I wonder what's behind this. Traditionally, hotels build data feeds using a third party and generally want Trip Advisor to grab as many images as possible to enhance their property listing... but not to use willy nilly. Our problem was always figuring out how to get old images off and new images on.

Rupert

I hoped you might have an interesting take on this I was not aware of, and you do.

OK, so we have not been made to agree to this either, so it might be some sort of clickbait, hate post against Tripadvisor (I don't think so, as Freetobook I think are genuine).

We load our own images to TA, and I am not sure why they might want to scrape my site, but equally, I can see why they might want others to rank lower, which they might well if all the content is copied by a stronger site.

I guess we wait and see.

... Make sure you live before you die.

buckworks

Might be relevant ... in a different situation a Texas lawyer once told me that they liked to get user agreement for all sorts of things that they didn't actually intend to do because it headed off a lot of complaints about the things they did plan to do.

Travoli

I think buckworks highlights an important point.
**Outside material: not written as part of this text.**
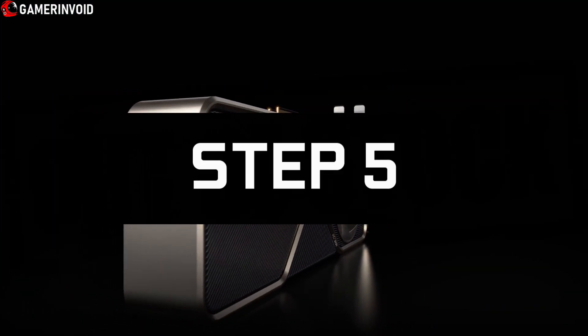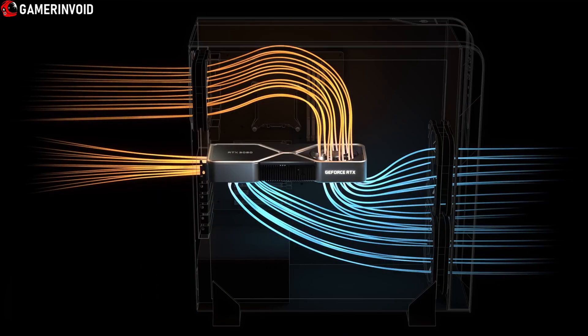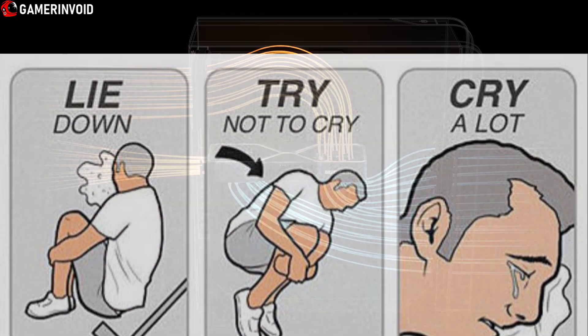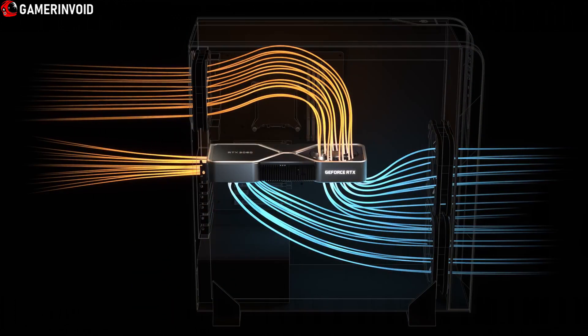Step 5. Come back to reality and accept the fact that you are probably not going to get a new GPU in the next two years and cry yourself in the corner. Or sell your house, your wife and your children to gather enough money to buy it from a scalper.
Also, TA might just be trying to remain competitive with Google, which already uses publisher content however they want.

ergophobe

Reading the actual language, they are just asking for permission to use your Marks and images of your rooms and property on your Property Listing and in other advertising. So it's not a blanket permission to scrape your site, but it does give them permission to use your rooms images in other content.

I'm not sure it's nefarious. Generally speaking, hotels are jockeying to get TA and their brethren to use their materials in exactly that way. We, of course, would assert copyright on our images just to prevent use in a "Hotel X Sucks" post or site. But in general, we always hoped people would steal our rooms images. I mentioned in a previous thread that a really good rooms photographer charges over $1000/composition. You want to shoot a room from two angles? $2000, maybe more. But the images those top photographers get are nice and present the rooms really well. The more often those are stolen, the better the return on the cost of the photography, as long as they are labelled with the name of the property.

A few years ago I noticed that TripAdvisor and Booking.com were dominating "Best X in Y" searches (Best hotel in Austin) with auto-generated listicles. The quality was atrocious, but they were having great success in Google Search and they were pulling images automatically from many sources, not just the rooms images uploaded to the partner portal. Perhaps people objected to their images being used there (but why would you do that?) or perhaps the TA lawyers just worried that eventually someone would.

So I suspect that Buckworks and Trav are right - if you get people to agree to the broadest possible usage of your materials, then you're covered for whatever you do with those images.

Rupert

They have not made us as a small property sign it yet.
... Make sure you live before you die.